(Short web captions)
*** Begin section ***
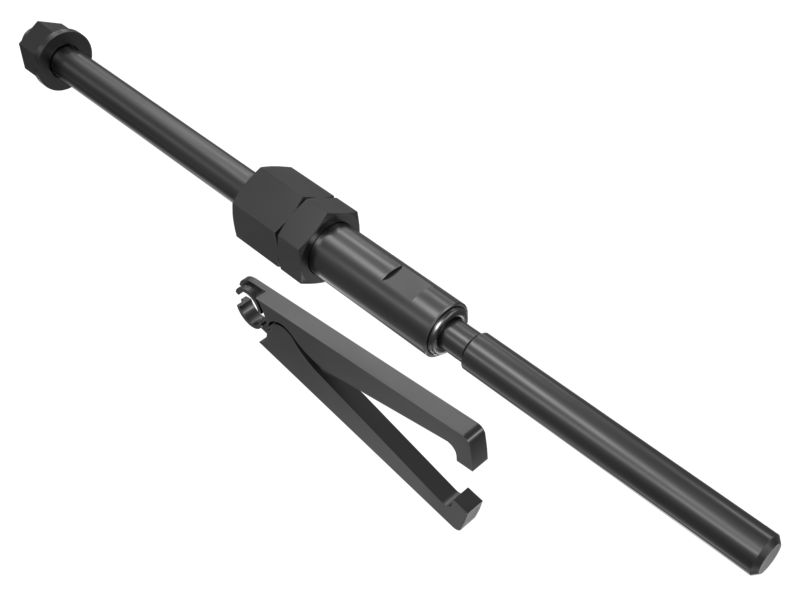 Rail Axle Stud Repair Kit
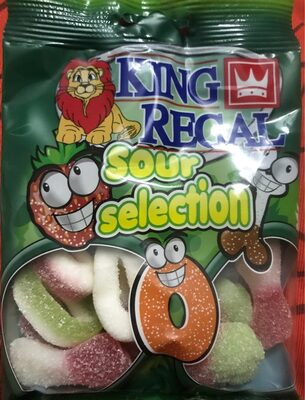 BOMBONE U KESICI SOUR SELECTION 100gr
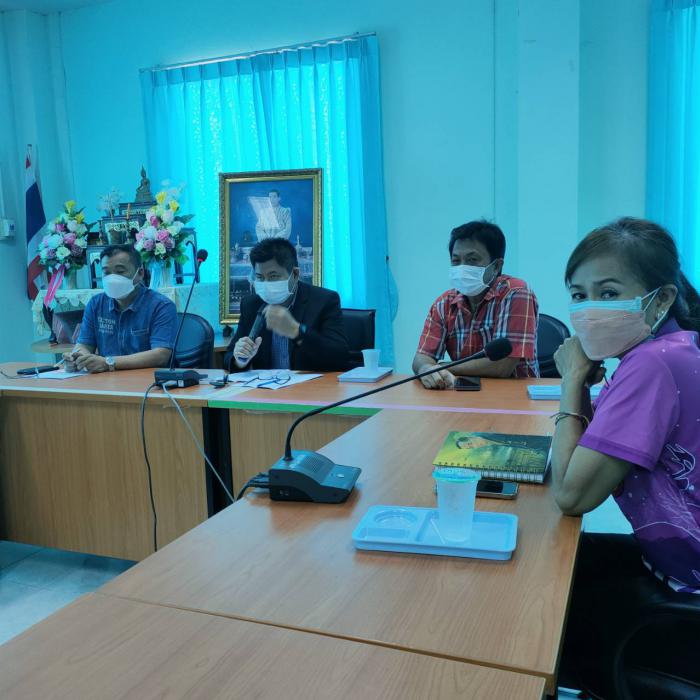 การประชุมผู้บริหาร พนักงานส่วนตำบลและพนักงานจ้าง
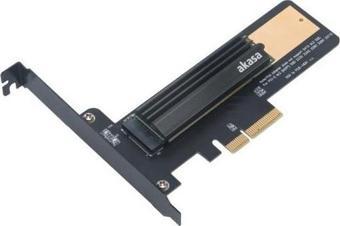 Akasa AK-PCCM2P-02 M.2 to PCIe Gen3 x4 Soğutuculu Dönüştürücü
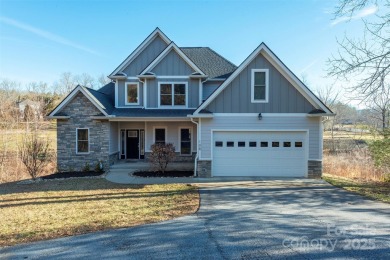 Situated on the picturesque 9th hole of the Etowah Golf Course on Etowah Valley Golf Club in North Carolina - for sale on GolfHomes.com, golf home, golf lot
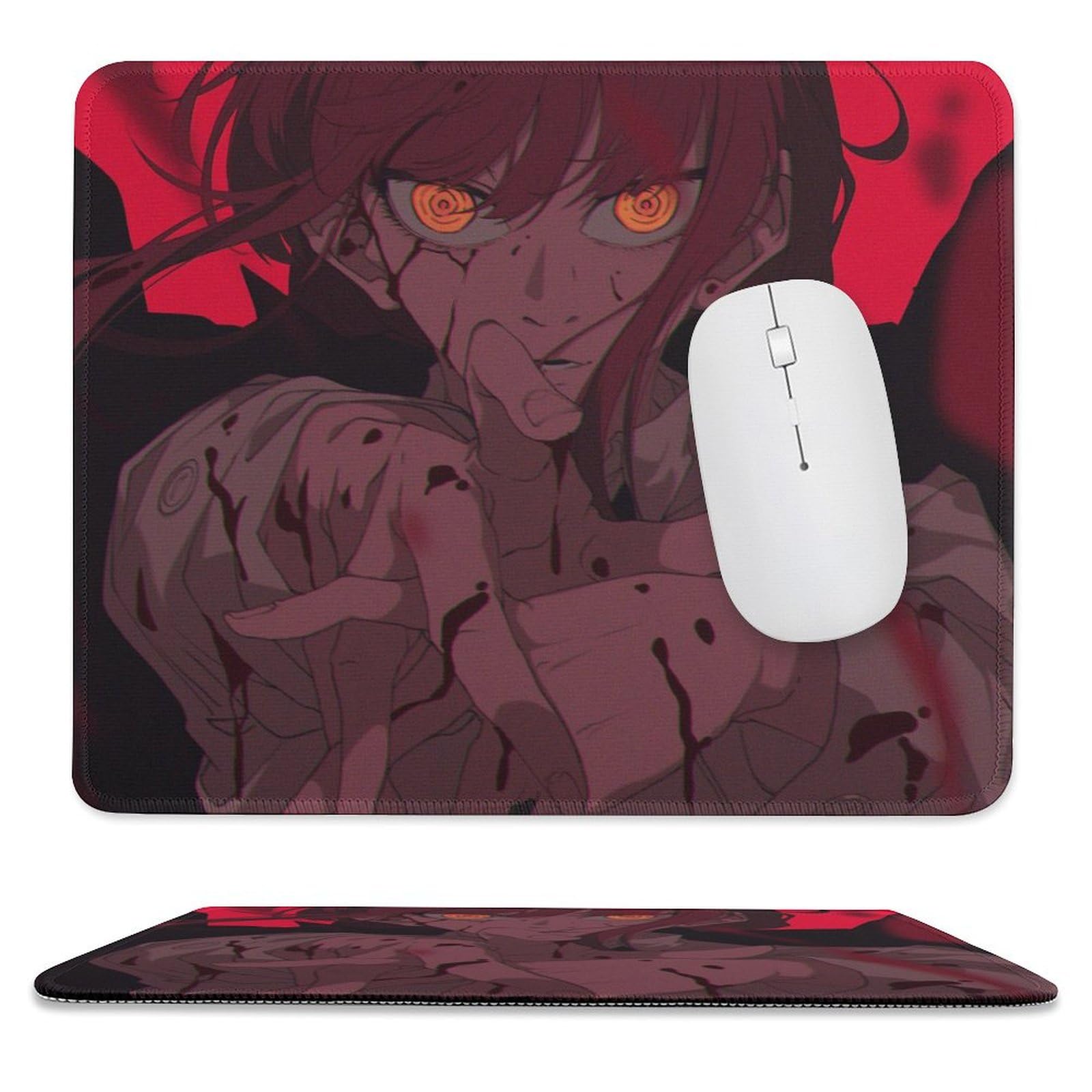 Amazon.co.jp: マウスパッド ゲーミング チェンソーマン マキマ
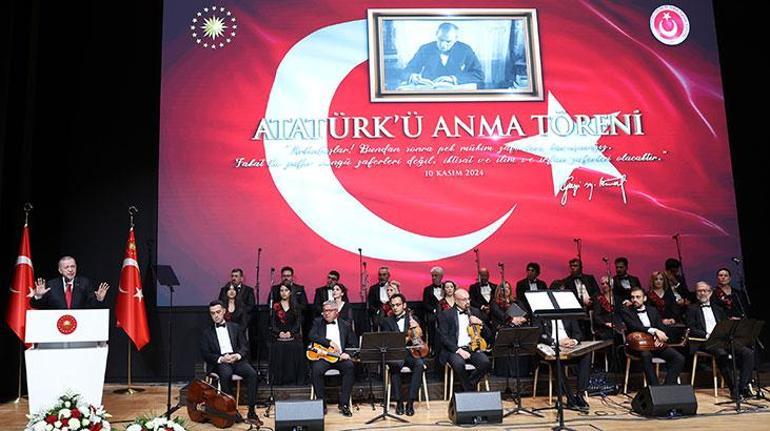 Cumhurbaşkanı Erdoğan: Gazinin hatırasına sahip çıkmak hizmet ile olur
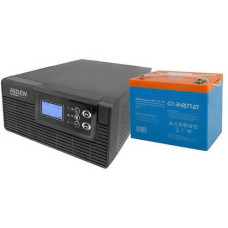 Комплект ИБП Hiden Control HPS20-0312 (300 Вт) + АКБ Энергия 75 А·Ч Комплект ИБП Hiden Control HPS20-0312 (300 Вт) + АКБ Энергия 75 А·Ч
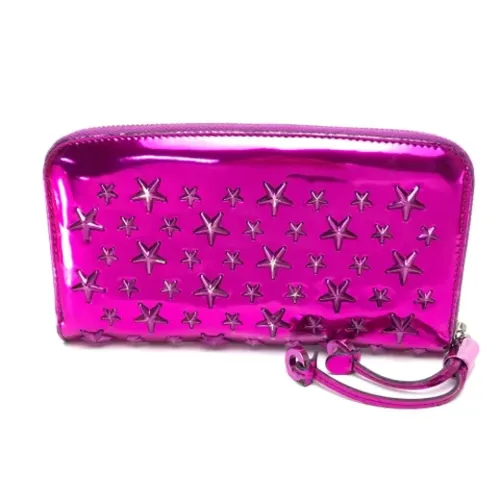 Pre-owned Leather wallets - Jimmy Choo Pre-owned - Modalova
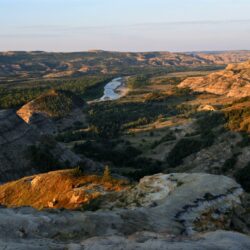 Check out Theodore Roosevelt National Park, North Dakota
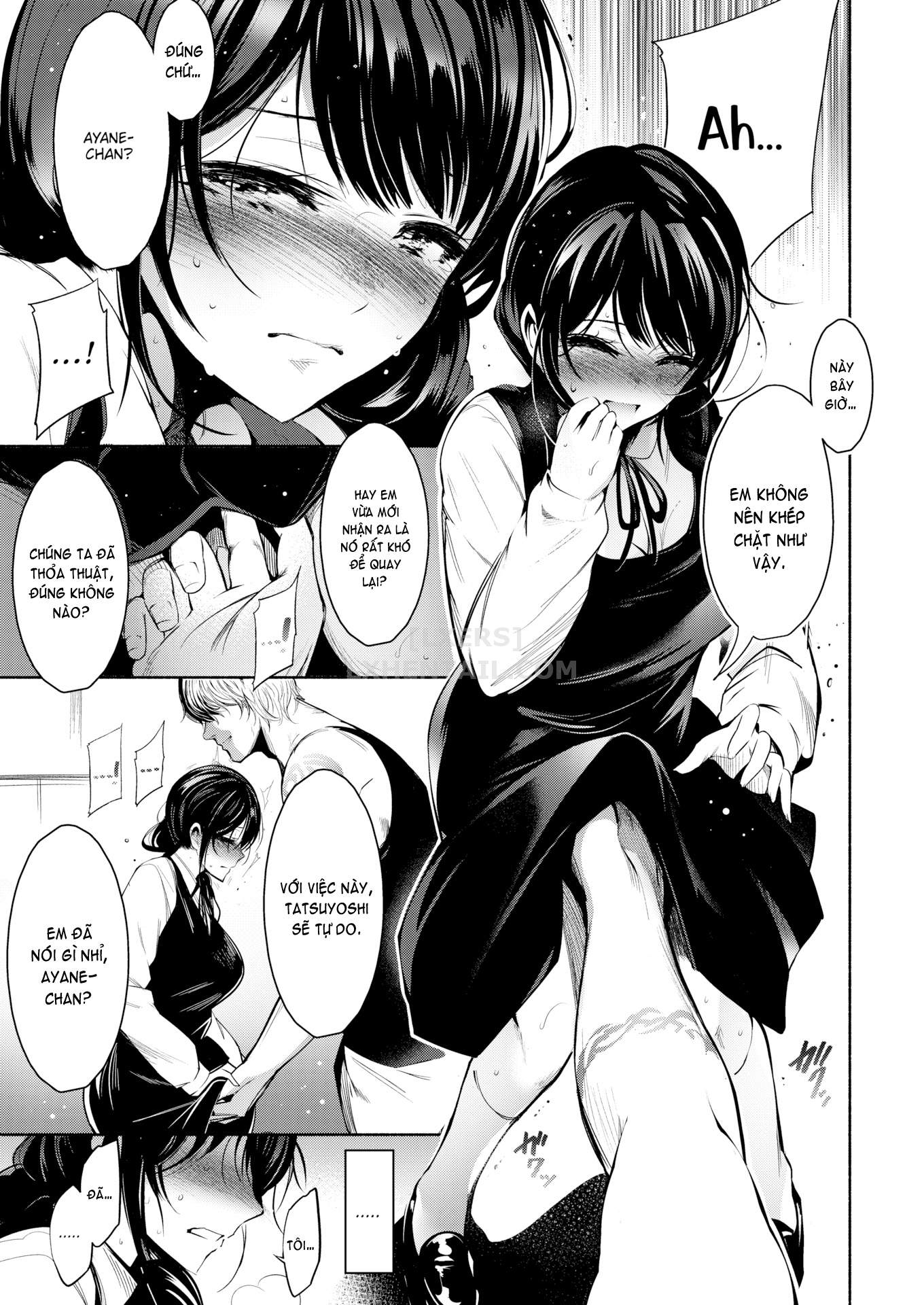 Đọc truyện hentai My Heart Will Forever Be… - Oneshot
*** End section ***
WHAT YOU WILL DO
In your copy of the records above, include every line exactly but no pictures.

ANSWER TO THIS PROBLEM
 Rail Axle Stud Repair Kit
 BOMBONE U KESICI SOUR SELECTION 100gr
 การประชุมผู้บริหาร พนักงานส่วนตำบลและพนักงานจ้าง
 Akasa AK-PCCM2P-02 M.2 to PCIe Gen3 x4 Soğutuculu Dönüştürücü
 Situated on the picturesque 9th hole of the Etowah Golf Course on Etowah Valley Golf Club in North Carolina - for sale on GolfHomes.com, golf home, golf lot
 Amazon.co.jp: マウスパッド ゲーミング チェンソーマン マキマ
 Cumhurbaşkanı Erdoğan: Gazinin hatırasına sahip çıkmak hizmet ile olur
 Комплект ИБП Hiden Control HPS20-0312 (300 Вт) + АКБ Энергия 75 А·Ч Комплект ИБП Hiden Control HPS20-0312 (300 Вт) + АКБ Энергия 75 А·Ч
 Pre-owned Leather wallets - Jimmy Choo Pre-owned - Modalova
 Check out Theodore Roosevelt National Park, North Dakota
 Đọc truyện hentai My Heart Will Forever Be… - Oneshot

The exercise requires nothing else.